### Data shown:
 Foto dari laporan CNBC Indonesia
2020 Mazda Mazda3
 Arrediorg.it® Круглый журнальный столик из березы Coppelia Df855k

...

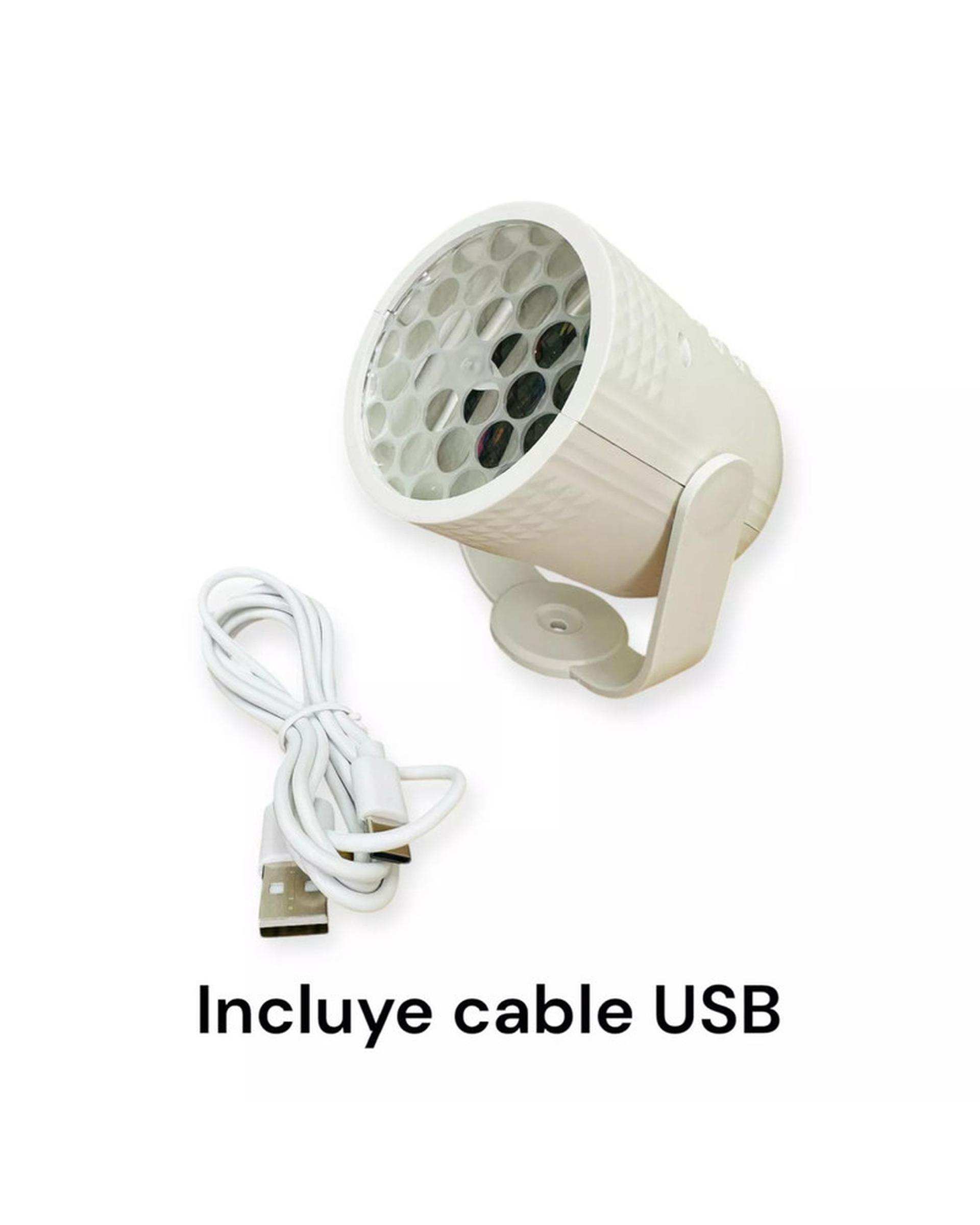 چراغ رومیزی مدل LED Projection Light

### What is required:
In the listing above, find the line containing "2020 Mazda Mazda3" and the line containing "Arrediorg.it® Круглый журнальный", then retype both and every line between them exactly, with nothing else.

### Problem solution:
2020 Mazda Mazda3
 Arrediorg.it® Круглый журнальный столик из березы Coppelia Df855k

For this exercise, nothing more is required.